28/6/1966 günlü, 766 sayılı Yasanın 33. maddesinin birinci, ikinci ve üçüncü fıkraları, taşınmazların 100 dönümlük miktarlarının tescili için herhangi bir belgeyi ya da bilirkişi ve tanık beyanlarını yeterli kanıt olarak kabul etmiş, bunları izleyen fıkra ise, daha geniş alanların tescili için zilyedliğin ayrıca belli ve inandırıcı kanıtlarından biri ile belgelendirilmesini istemiştir. 1617 sayılı Yasa buradaki 100 dönümlük miktarı 20 dönüme indirmiş ve beşinci fıkrada gösterilen belgeler aranmaksızın davacı adına tescil edilebilecek taşınmazlardan bir tapulama bölgesi içinde bulunanların alanların toplamını 50 dönümle sınırlamıştır. Bu yasal hükümlerle yapılan sınırlanmanın. mülkiyet hakkına dokunmadığı ve sırf tescil isteme hakkının doğmuş olduğunun kanıtlanmasına, bir başka söyleyişle kanıta ilişkin ve ona özgü bulunduğu açıktır. Belli miktardan büyük toprak alanını zilyedlikle kazanma davasında dayanılacak kanıtların inandırıcı olmasına önem verilerek sadece bunların sınırlaması yapılmıştır. Zilyediliğin yasada gösterilen inandırıcı kanıtlarla belgelendirilmesi durumunda miktar sınırlaması yoktur. Bu bakımdan mülkiyete konmuş bir sınırlamadan söz edilemez.

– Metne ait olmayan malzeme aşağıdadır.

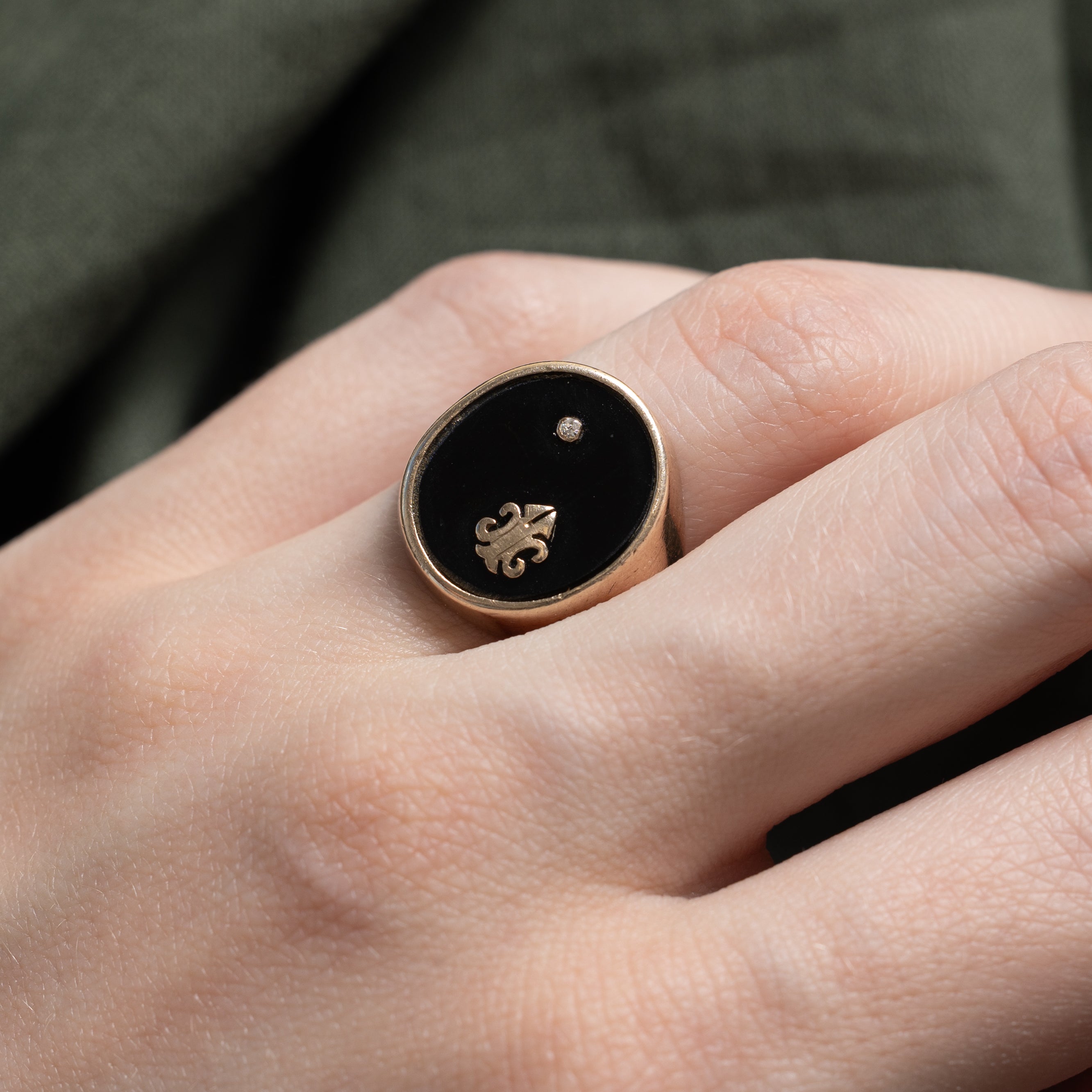 10k Bezel Set Onyx Signet Ring | 1.17ct | SZ 6.5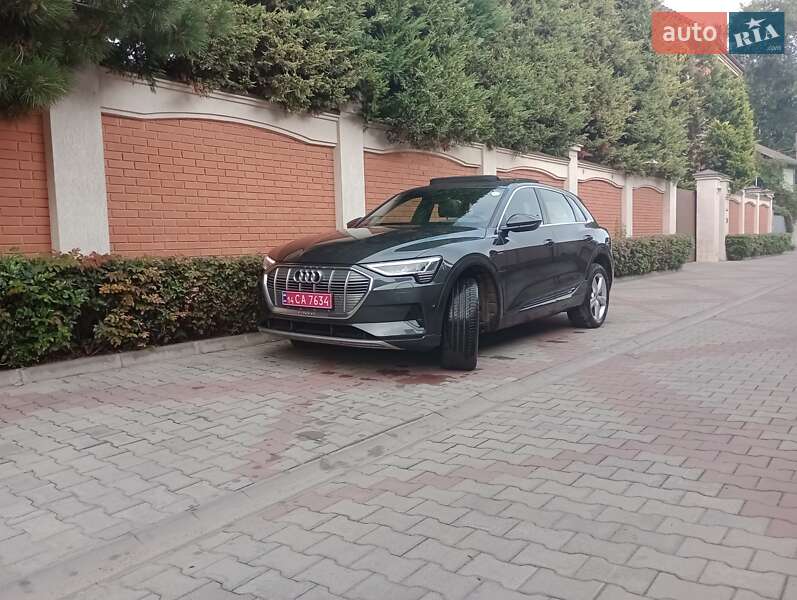 Внедорожник / Кроссовер Audi e-tron 2019 в Киеве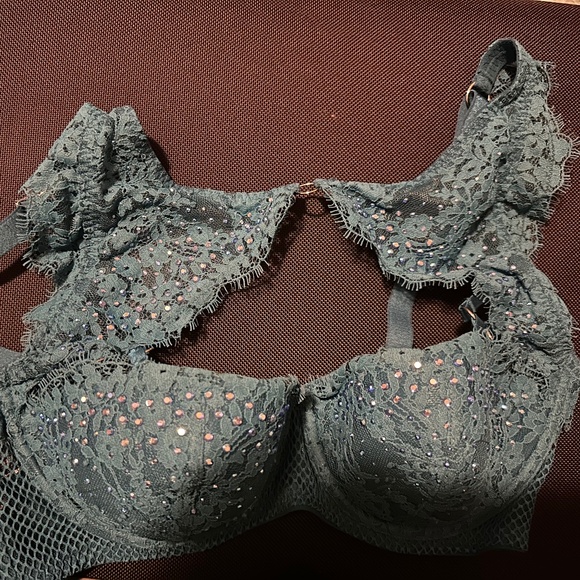 Victoria’s Secret Bra 34C NWT - Picture 1 of 3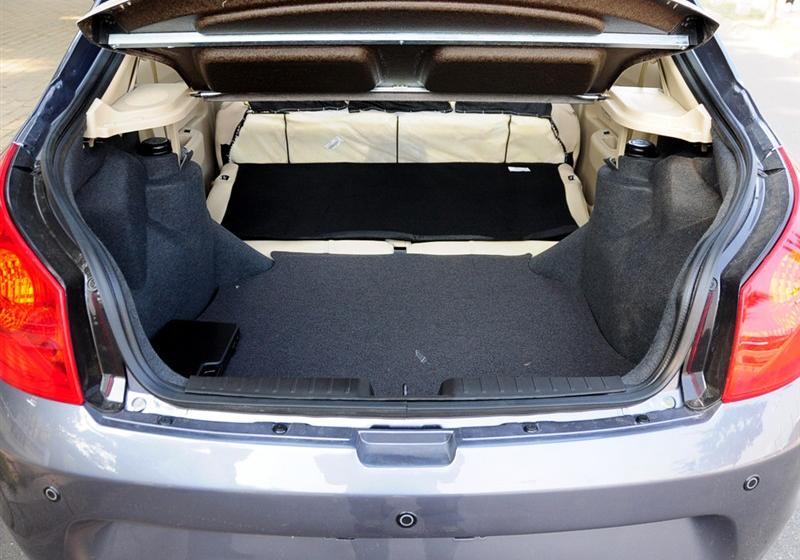 奇瑞汽車 風(fēng)云2 2010款 1.5 豪華型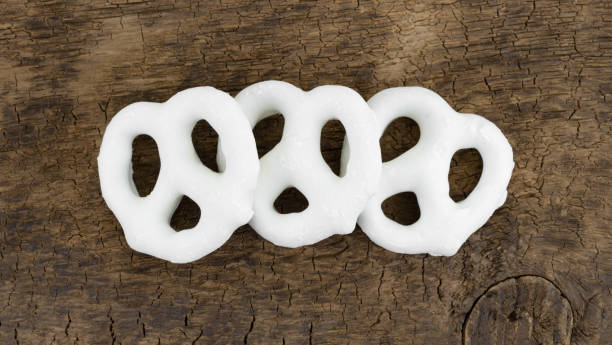 gruppo di pretzel allo yogurt su una tavola di legno - yoghurt coated foto e immagini stock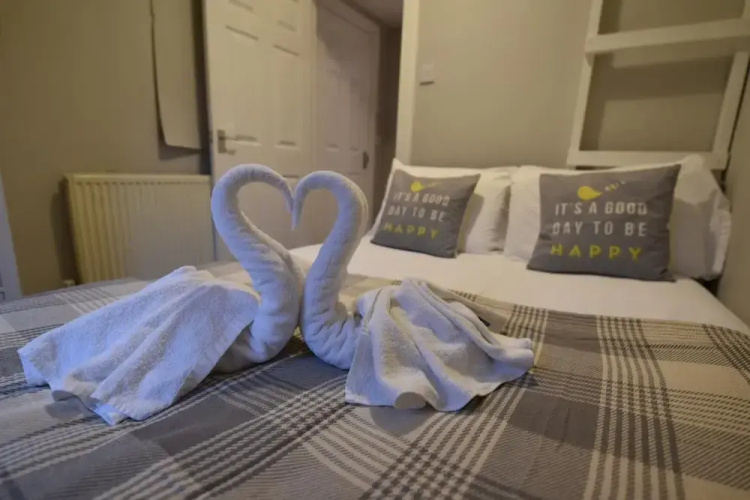 First - Slateford House Apartment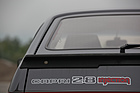 Ford Capri 2.8 Injection (1982) - kreativ gestalteter Schriftzug am Heck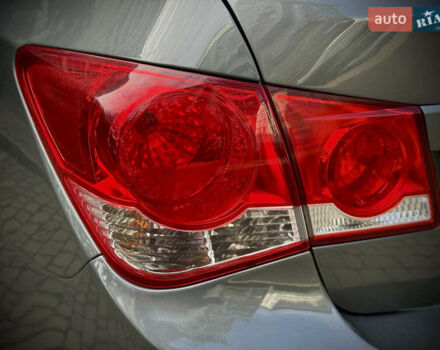 Серый Шевроле Круз, объемом двигателя 1.8 л и пробегом 150 тыс. км за 6777 $, фото 17 на Automoto.ua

Anayasanın 37. maddesi Devlete "topraksız olan veya yeter toprağı bulunmayan çiftçiye toprak sağlamak amacıyla gereken tedbiri almak" ödevini vermiştir. Toprak, çoğaltılması olanağı bulunmayan bir taşınmaz olduğuna göre, Devletin topraksız veya az topraklı çiftçiye dağıtılması gerekli toprak rezervini elde bulundurmak için zilyedlikle toprak kazanma davalarında inandırıcı kanıta dayanılmasını istemesinde Anayasaya aykırılık bulunduğu ileri sürülemez.

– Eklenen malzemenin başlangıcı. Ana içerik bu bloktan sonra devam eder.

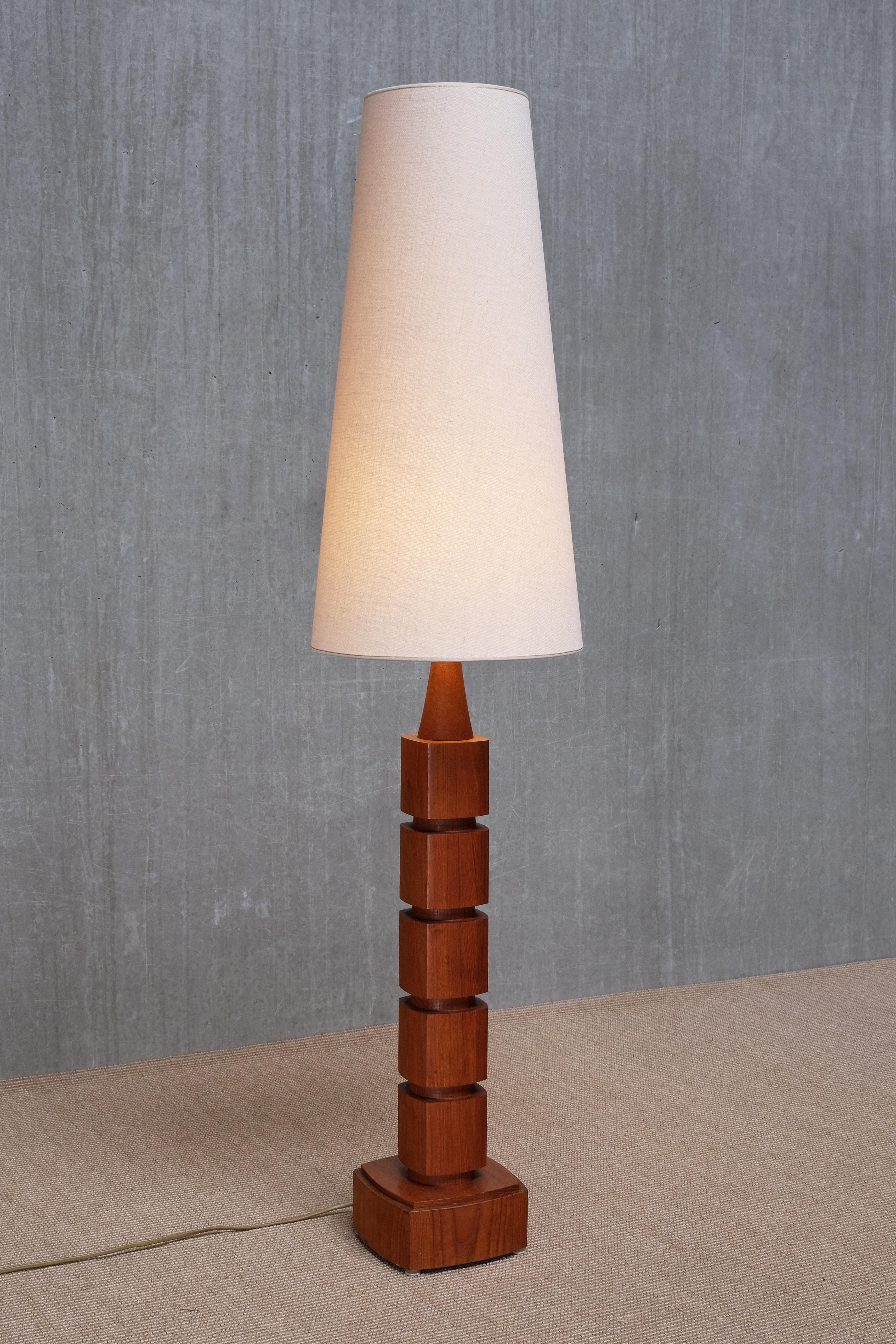 Suédois Lampadaire Eskilstuna Armaturer en Wood Wood, Suède, années 1960 en vente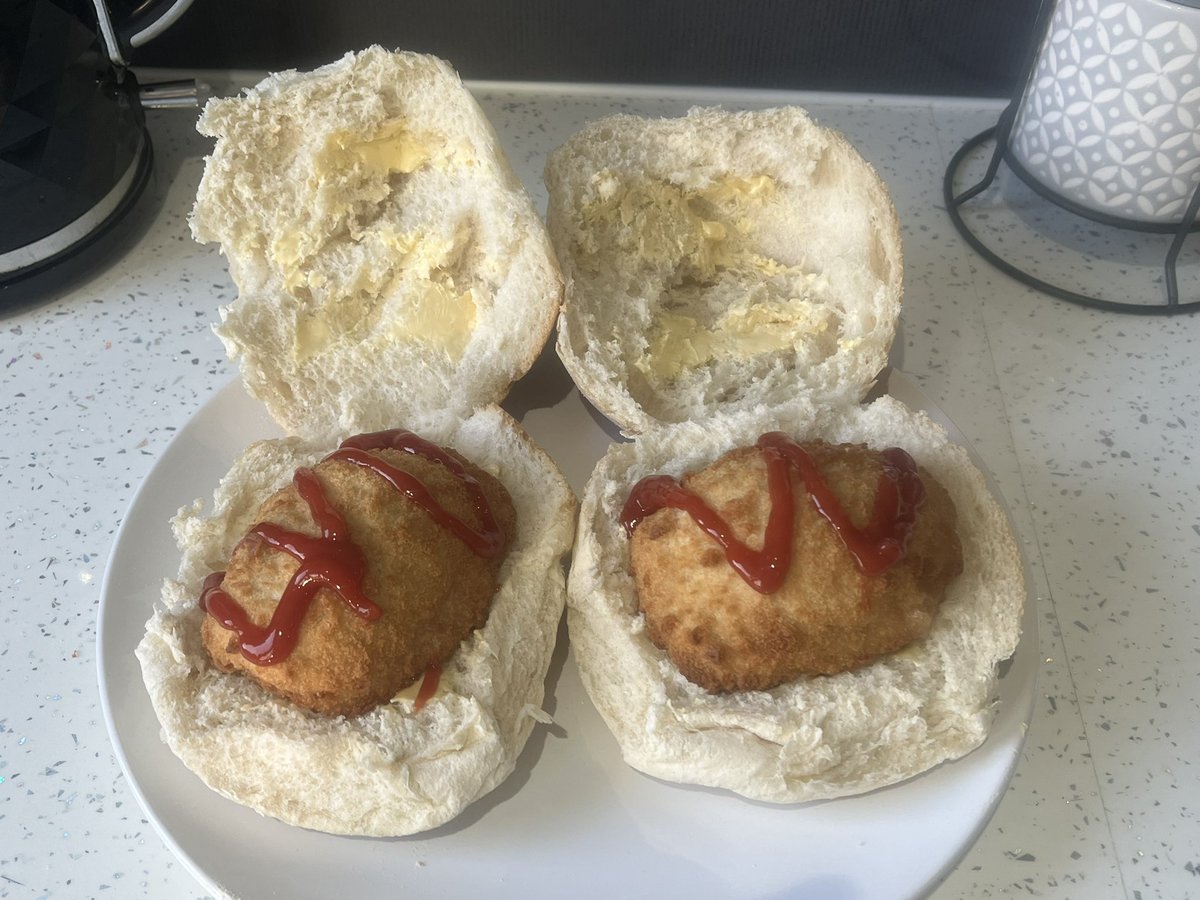 Chicken Kiev on rolls. Don’t @ me!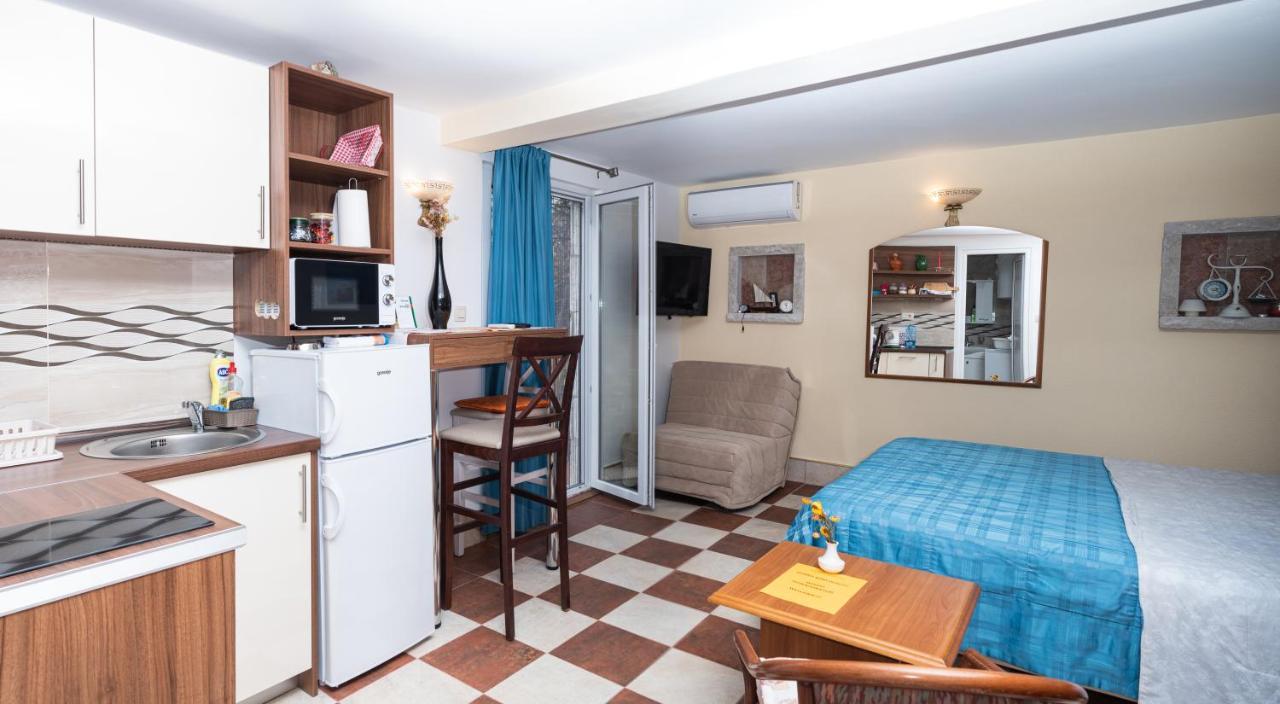 Apartmani Kamena Ruza Budva Exterior foto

B) Toprak mülkiyetinin özelliği:
Mülkiyet, Anayasanın "temel haklar ve ödevler" başlıklı ikinci kısmının "sosyal ve ikdisadî haklar" a ilişkin üçüncü bölümünde düzenlenmiş bir temel haktır. 36. madde, herkesin mülkiyet hakkına sahip olduğu, bu hakların ancak kamu yararı amacıyla sınırlanabileceği, mülkiyet hakkının kullanılmasının toplum yararına aykırı olamayacağı genel kurallarını koymuştur. 37. madde ise toprak mülkiyetine ilişkin özel hükümler getirmekte, "kanun,... toprağın genişliğini gösterebilir" hükmünü içermekte ve bunun hangi amaçlarla yapılabileceğini de belirtmektedir. Nitekim 1617 sayılı Toprak ve Tarım Reformu ön tedbirler Yasası, Anayasanın 37. maddesinde belirtilen amaçlarla, belli miktarlardaki topraklar için herhangi bir belgeyi ya da bilirkişi ve tanık beyanlarını yeterli kanıt saymış, daha geniş alanların zamanaşımıyla kazanılması davasında ise Tapulama Yasasının 33. maddesinin beşinci fıkrasında yazılı kayıt ve belgelerden en az birine dayanılmasını zorunlu tutmuştur. Bu bakımdan, topraksız olan ya da yeter toprağı bulunmayan çiftçiye toprak sağlamak amacıyla özel mülkiyet konusu toprakların genişliğini belirtmeye Yasa Koyucuyu yetkili kılan Anayasa buyruğu karşısında, bir yasanın, doğrudan doğruya bu genişlikle ilgili davalarda kanıt sınırlaması yapamayacağını ileri sürmek olanaksızdır.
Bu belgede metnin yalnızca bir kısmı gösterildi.